PROBLEM DETAILS = Write out again, word for word, the lines below from the line that holds "Tabla 6. Resultados" through the line that holds "Jupiter JTR-408 Profesjonalny", omitting pictures.

EXERCISE MATERIAL =
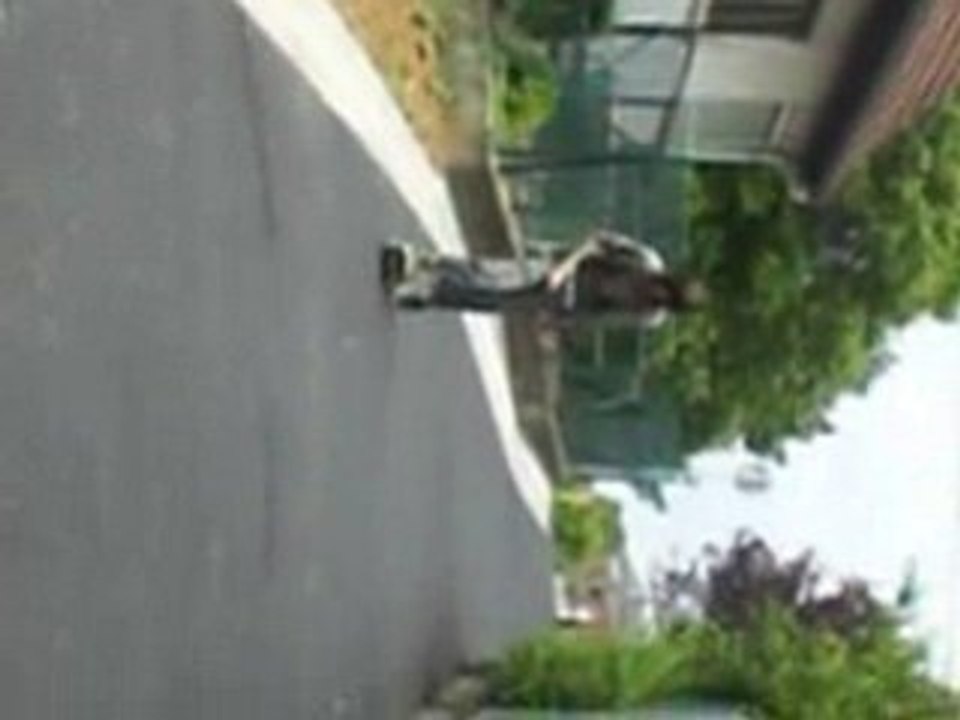 Skate & Délire
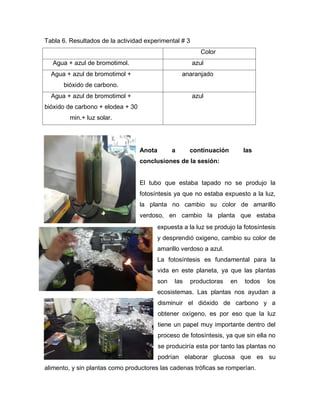 Tabla 6. Resultados de la actividad experimental # 3
Color
Agua + azul de bromotimol. azul
Agua + azul de bromotimol +
bióxido de carbono.
anaranjado
Agua + azul de bromotimol +
bióxido de carbono + elodea + 30
min.+ luz solar.
azul
Anota a continuación las
conclusiones de la sesión:
El tubo que estaba tapado no se produjo la
fotosíntesis ya que no estaba expuesto a la luz,
la planta no cambio su color de amarillo
verdoso, en cambio la planta que estaba
expuesta a la luz se produjo la fotosíntesis
y desprendió oxigeno, cambio su color de
amarillo verdoso a azul.
La fotosíntesis es fundamental para la
vida en este planeta, ya que las plantas
son las productoras en todos los
ecosistemas. Las plantas nos ayudan a
disminuir el dióxido de carbono y a
obtener oxígeno, es por eso que la luz
tiene un papel muy importante dentro del
proceso de fotosíntesis, ya que sin ella no
se produciría esta por tanto las plantas no
podrían elaborar glucosa que es su
alimento, y sin plantas como productores las cadenas tróficas se romperían.
 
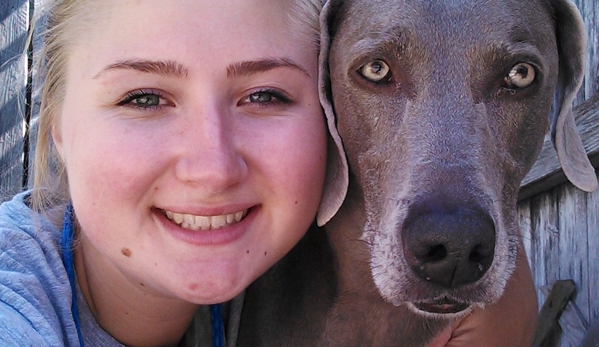 Tanglewood Kennels LLC - Saint Charles, IL. Alyse with Sukie weimaraner dog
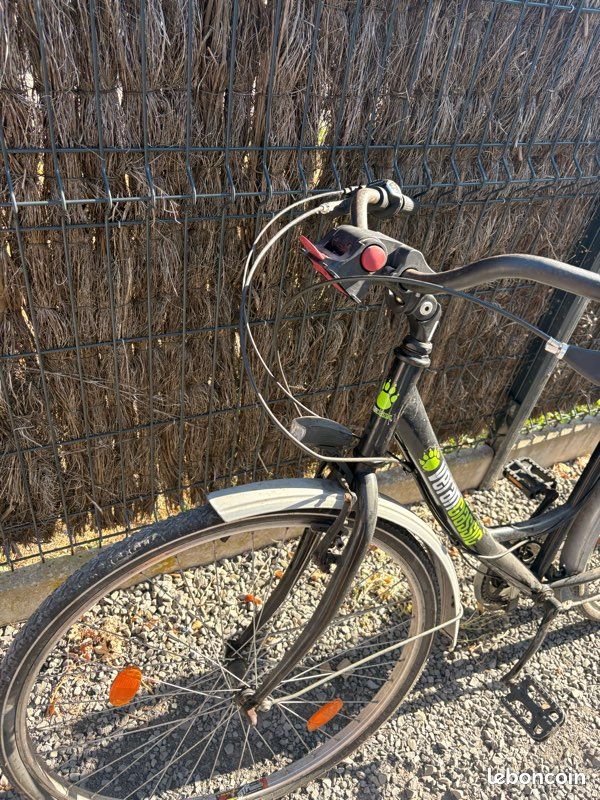 Vélo de ville femme Veranclassic – cadre bas – plusieurs vitesses (image 2)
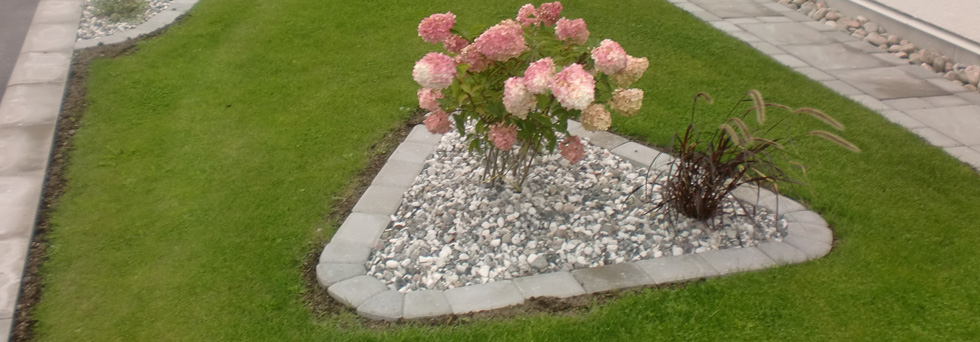 Plantering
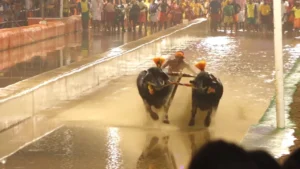 kambala-1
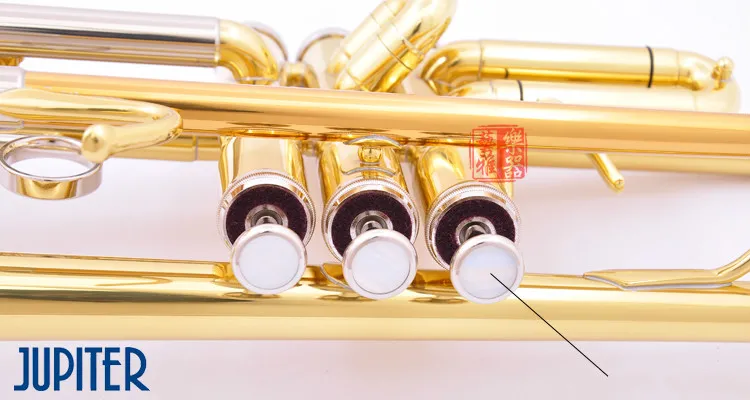 Jupiter JTR-408 Profesjonalny BB Trumpet Brass Gold Lacquer Trumpet Wykonaj instrumenty z przypadkiem i ustnik Darmowa wysyłka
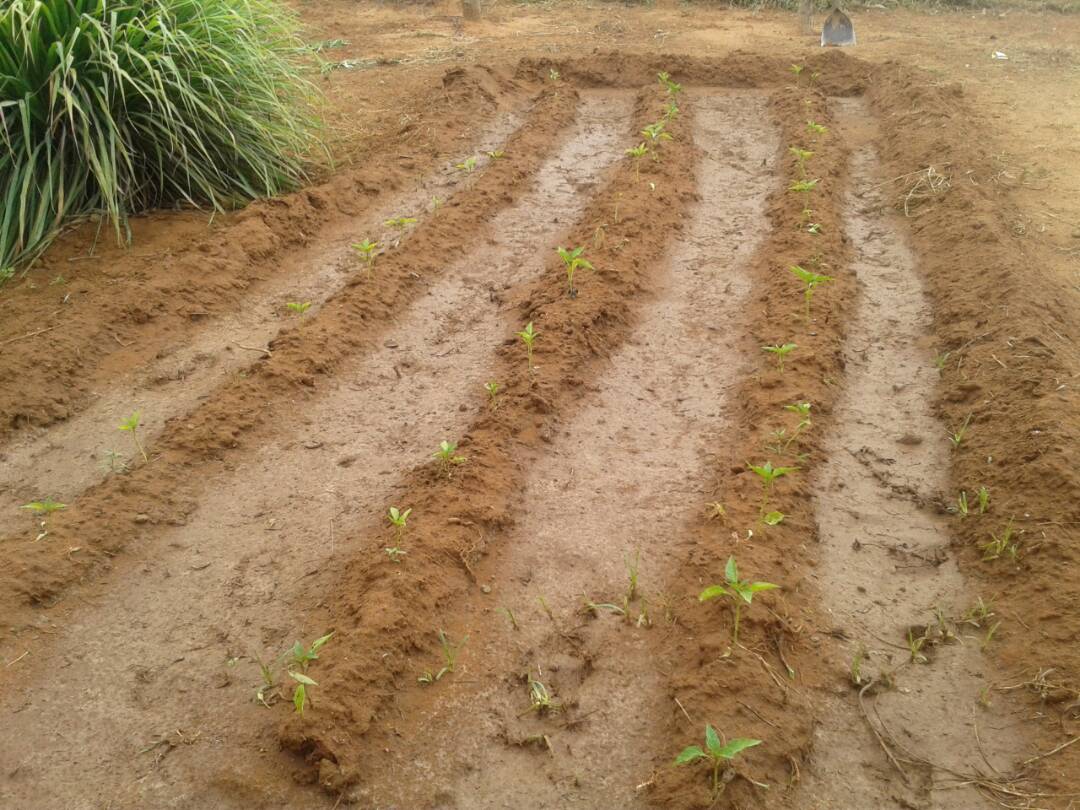 MAT_Zulia's tweet photo. Productores del str. 4 Bocas del mcpio. Santa Rita recibirán apoyo del Gobierno Bolivariano para continuar su producción de alimentos https://t.co/P5QlXswDeS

YOUR SOLUTION =
 Tabla 6. Resultados de la actividad experimental # 3
Color
Agua + azul de bromotimol. azul
Agua + azul de bromotimol +
bióxido de carbono.
anaranjado
Agua + azul de bromotimol +
bióxido de carbono + elodea + 30
min.+ luz solar.
azul
Anota a continuación las
conclusiones de la sesión:
El tubo que estaba tapado no se produjo la
fotosíntesis ya que no estaba expuesto a la luz,
la planta no cambio su color de amarillo
verdoso, en cambio la planta que estaba
expuesta a la luz se produjo la fotosíntesis
y desprendió oxigeno, cambio su color de
amarillo verdoso a azul.
La fotosíntesis es fundamental para la
vida en este planeta, ya que las plantas
son las productoras en todos los
ecosistemas. Las plantas nos ayudan a
disminuir el dióxido de carbono y a
obtener oxígeno, es por eso que la luz
tiene un papel muy importante dentro del
proceso de fotosíntesis, ya que sin ella no
se produciría esta por tanto las plantas no
podrían elaborar glucosa que es su
alimento, y sin plantas como productores las cadenas tróficas se romperían.
 
 Tanglewood Kennels LLC - Saint Charles, IL. Alyse with Sukie weimaraner dog
 Vélo de ville femme Veranclassic – cadre bas – plusieurs vitesses (image 2)
 Plantering
 kambala-1
 Jupiter JTR-408 Profesjonalny BB Trumpet Brass Gold Lacquer Trumpet Wykonaj instrumenty z przypadkiem i ustnik Darmowa wysyłka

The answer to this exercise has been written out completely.